There is plenty of free material and material that you can pay for. General rules of thumb exists In the business. Like if it’s city water and sewer your going to be In the 30%-40% expense ratio. Depending on whether you or tenant pays for water or sewer. And this assumption only holds true if you have a park greater than or around 25 lots and lot rents aren’t below $225 or so

If private utilities or mixture of city water/sewer your expenses are going to be 40-50% range. 

Also there a lot more factors that go into underwriting a deal. Like debt, location, age of homes, infrastructure, density, POHs vs TOHs.  How many filled lots. How many vacant. 

Any questions please reach out 

@Austin Works to properly value a MHP or RV park requires a fairly deep understanding of how they will operate, given all the potential variables. Some of those variables are the size of the park, number of vacant spaces, number of POHs, number of vacant POHs, number of MH spaces, number of RV spaces, the park amenities, the age of the park, underground infrastructure age and condition, park location, size of the market, value of SFR in the market, water or well, sewer or septic, other utility sources and whether or not they are direct billed, deferred maintenance, cost of management, and more. 

However, there is a basic "back of the napkin" evaluation that will usually tell you if the deal is worth a closer look.

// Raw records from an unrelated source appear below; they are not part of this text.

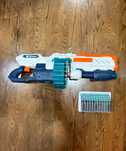 Pistolet x-shot excel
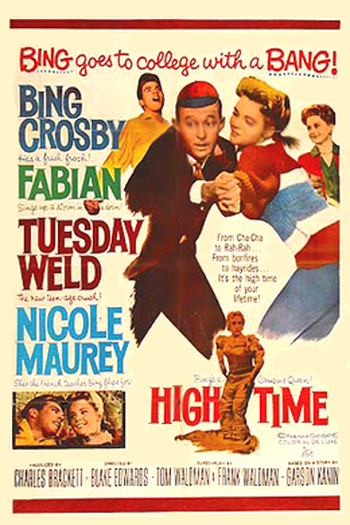  de Filme Dizem que é Amor (1960)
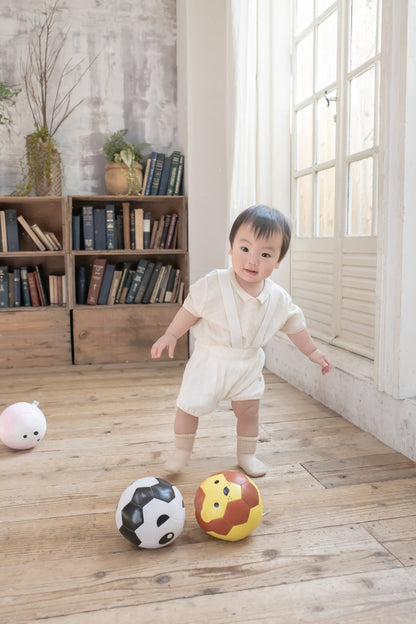 FOOTBALL ZOO baby パンダ／SFIDA（スフィーダ）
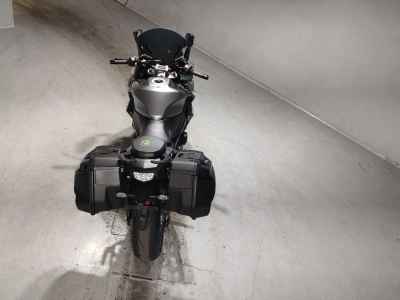 Suzuki GSX-S1000GT 2025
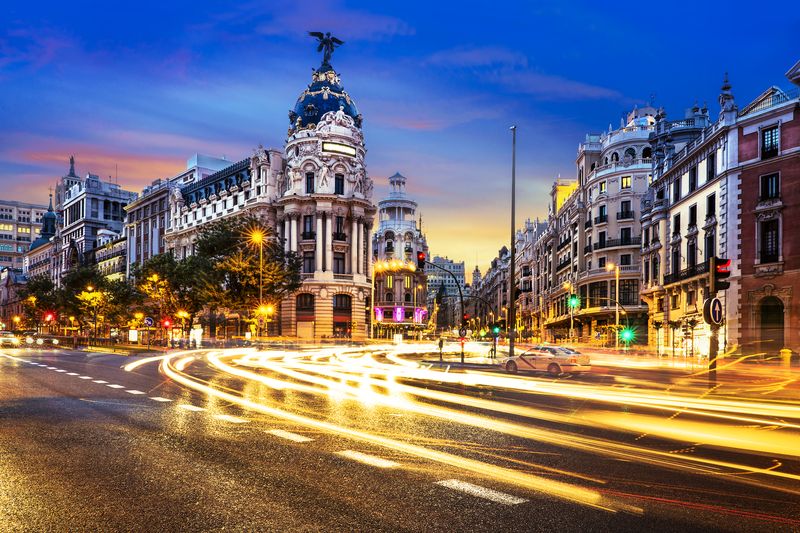 Transportation in Spain: We Examine the Greatest Methods to Get Round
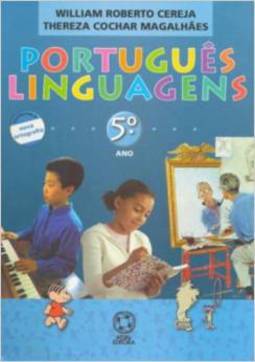 PORTUGUES LINGUAGENS 5 ANO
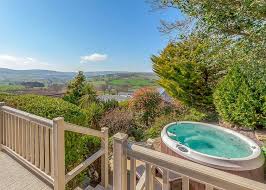 Tan Rallt Holiday Park & Spa in Abergele, North Wales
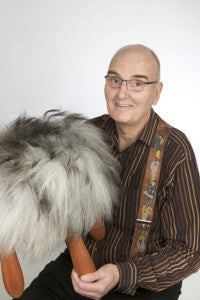 Sigurður Már Helgason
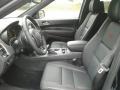 DB Black Crystal - Durango R/T AWD Photo No. 9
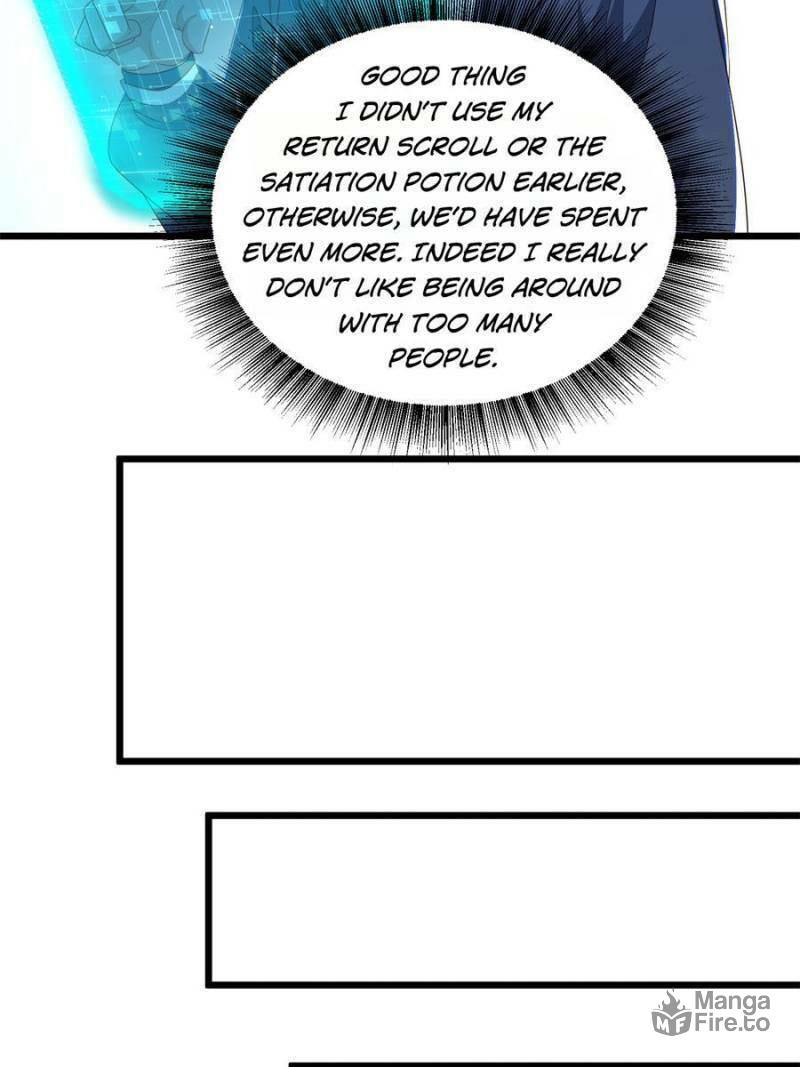 Ancient God's Chosen Warriors – Chapter 59 page 4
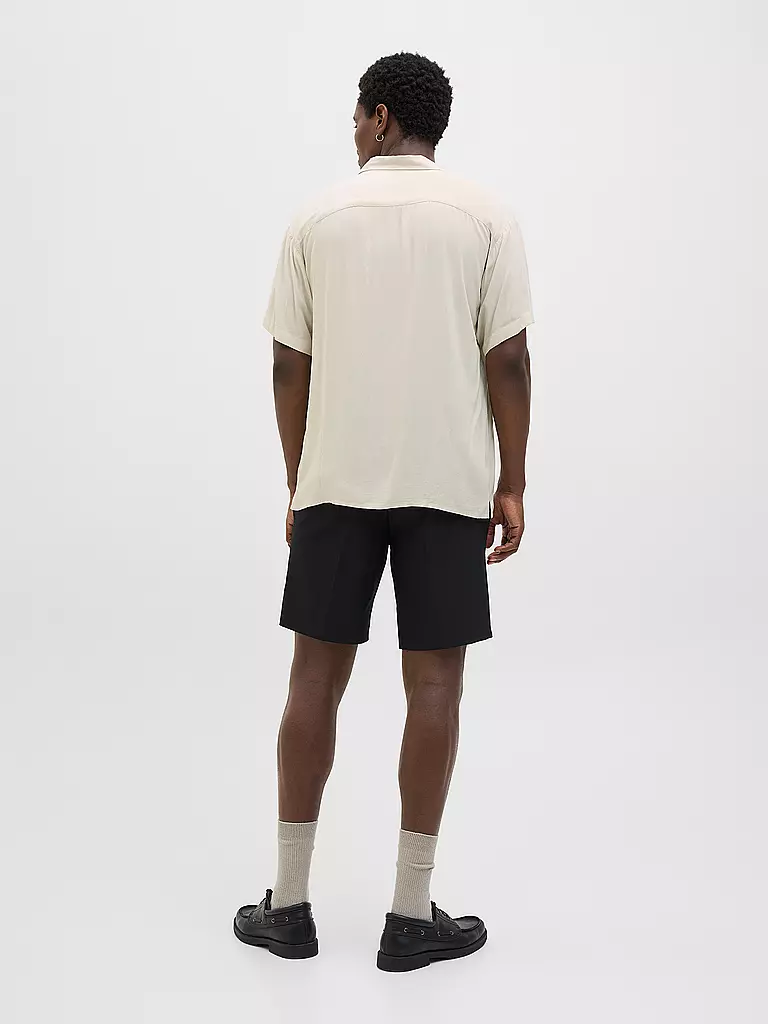 JACK & JONES | Hemd JJEJEFF | hellbraun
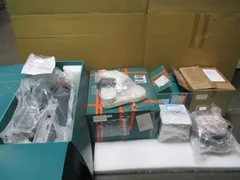 Novellus 63-303438-00 Robot Assy, DU EE, NO EE, 200, Brooks 002-7090-11, 321021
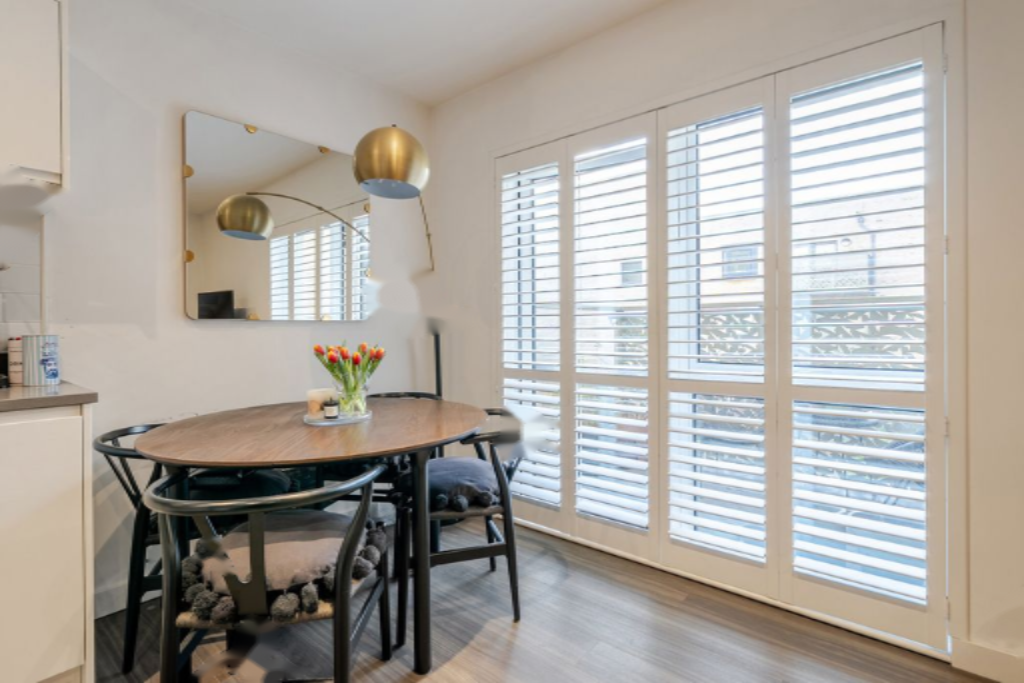 Квартира в Лондоне, Великобритания, 54 м² - фото 13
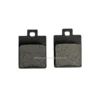 DISC PAD KIT FOR VESPA - D03654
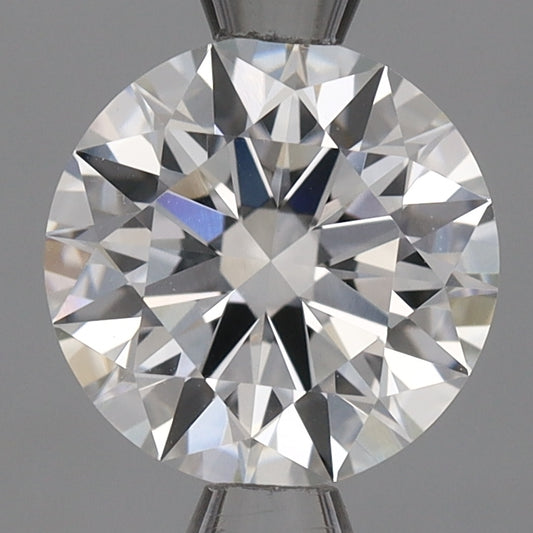Lab-odlad diamant 1,75 ct, rund, G, VVS2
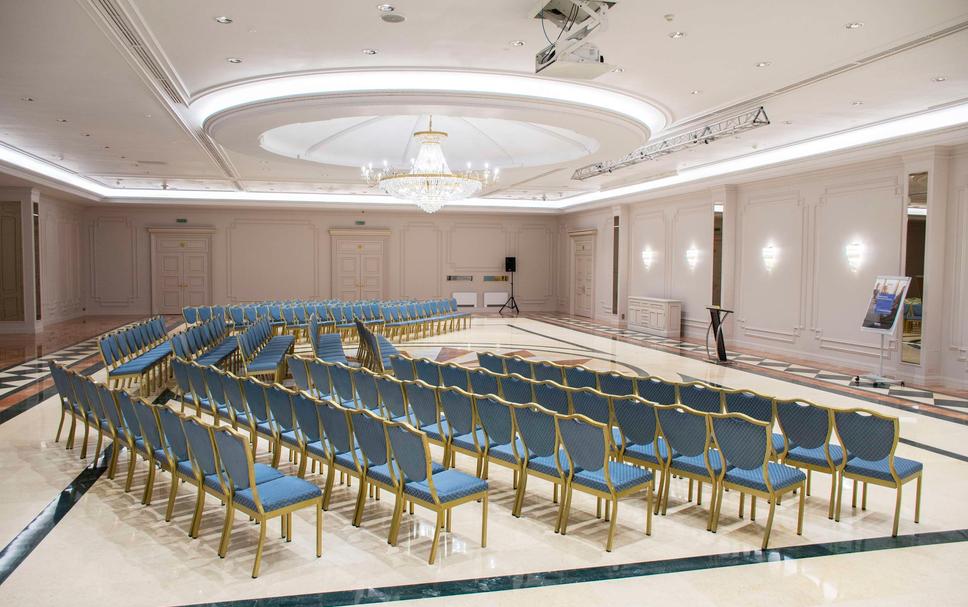 Sala konferencyjna Zdjęcie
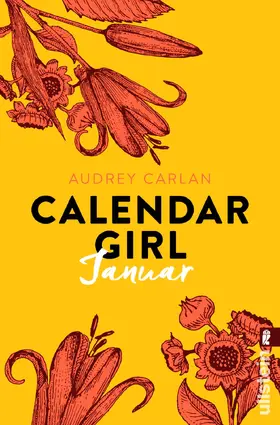 Carlan |  Calendar Girl Januar | eBook | Sack Fachmedien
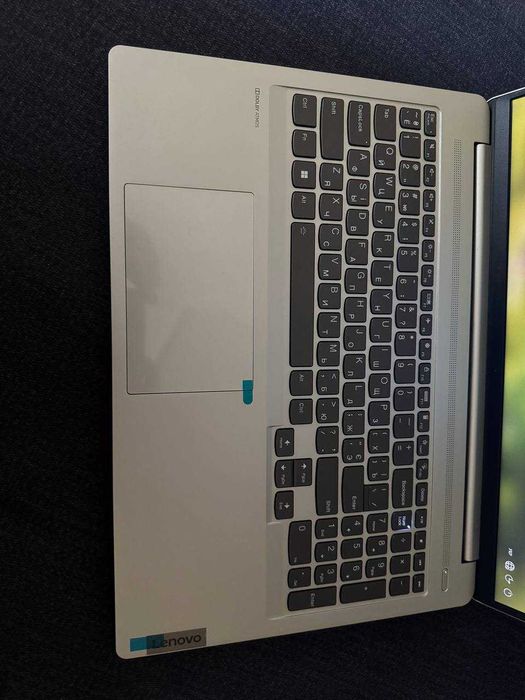 Ноутбук Lenovo IdeaPad 5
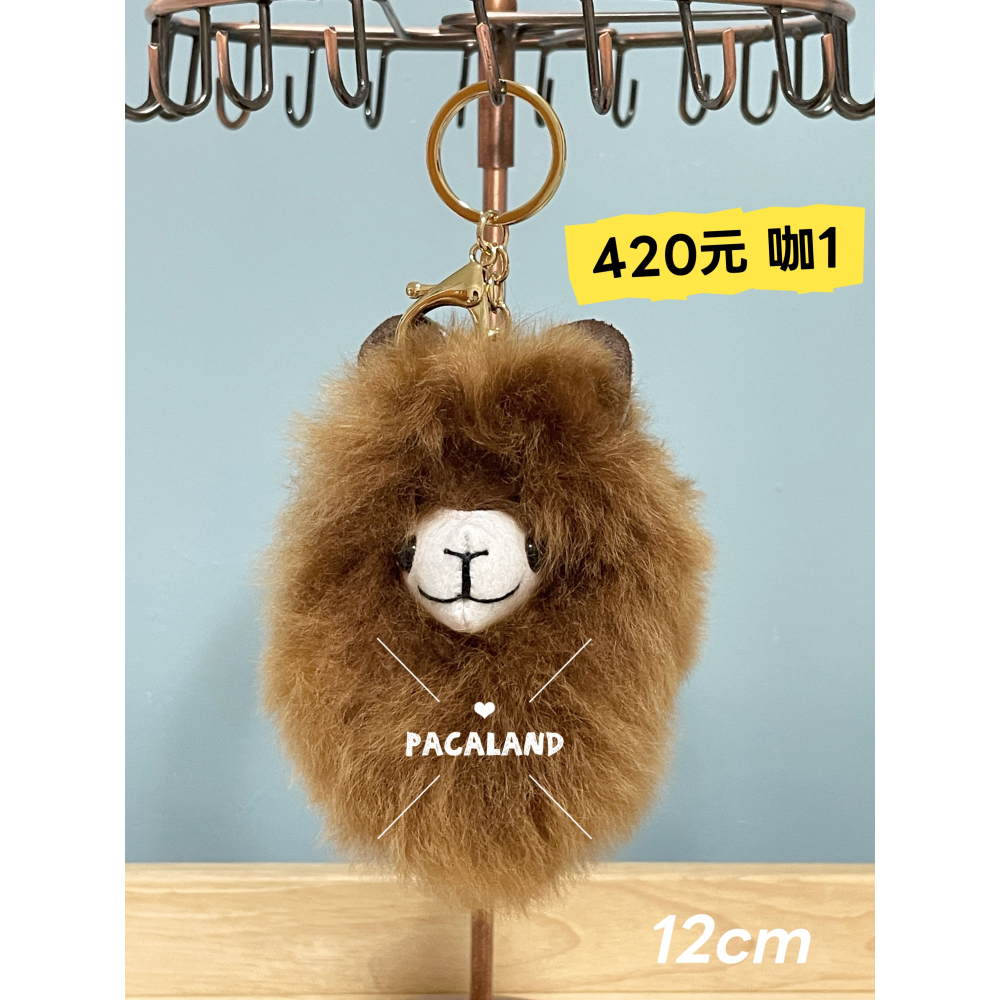 ☆超級甜甜價☆ 把秘魯手工羊駝吊飾帶回家ꪔ̤̮ ꗯ̤̮ ˻˳˯ₑ-細節圖7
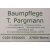 Logo Baumpflege T. Pargmann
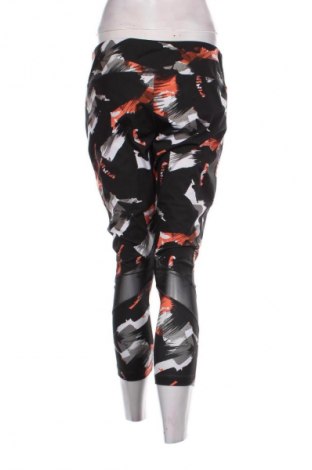 Damskie legginsy Energetics, Rozmiar L, Kolor Kolorowy, Cena 59,77 zł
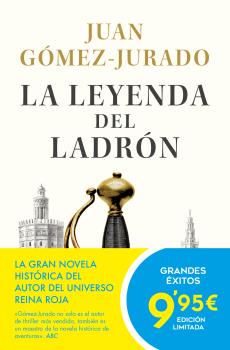 LEYENDA DEL LADRÓN, LA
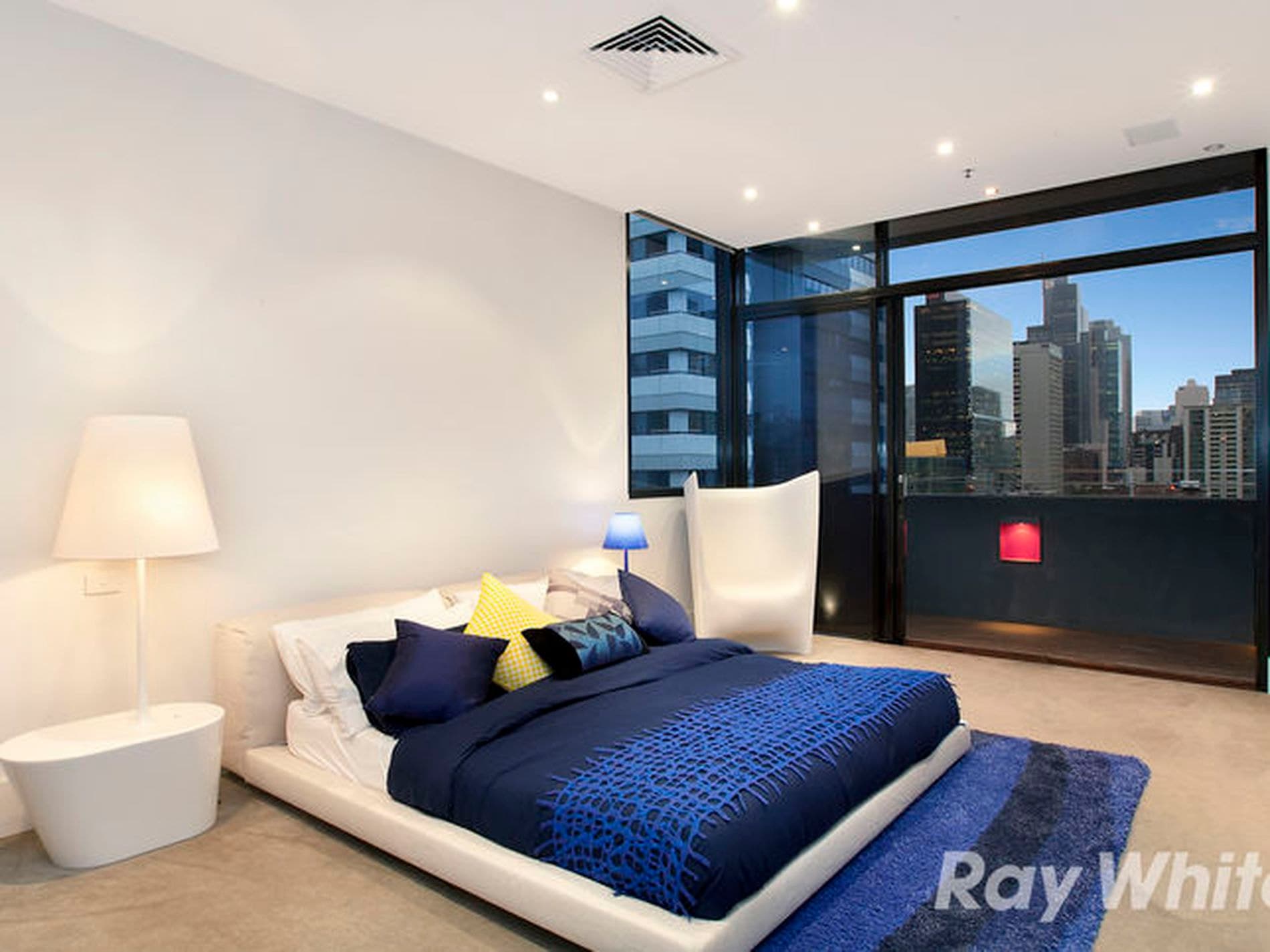 1202/225 Elizabeth Street, Melbourne, Melbourne - Thumbnail 5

That formula is the NOI times a market cap rate. Calculate the NOI by multiplying the number of spaces by the lot rent, and then multiply by 12 months, subtract the expenses (can range from 30-50%, that % depending on the variables above). Once you have the NOI, divide the NOY by the market cap rate (in today's market conditions, the cap rate will likely land between 6% and 9%, depending on the market you are in. So if you are in a 7% cap rate market, you would divide the NOI by .07 and that would give you the value of the asset.

That valuation will tell you if the price expectation from the seller is in range or not.  If it is close, then it deserves a closer look.  If it is way off, you will need to understand why.  There are cases where other income from laundry, a C-store, a restaurant, or something like that deserves additional evaluation, so make sure not to punt before you understand additional income.  

Also, there are cases where the expenses will be higher, particularly in an RV park that has a large amenity package and daily RV traffic.  

All the best,

Jack 

@Jack Martin , this is so different from everything I know about SFR. Is the goal to buy at the fair value based on NOI and cap rate, or do you still aim to only buy at %80 or below of that value? I just don't want to waste time making 80% offers if others are going to be offering fair value.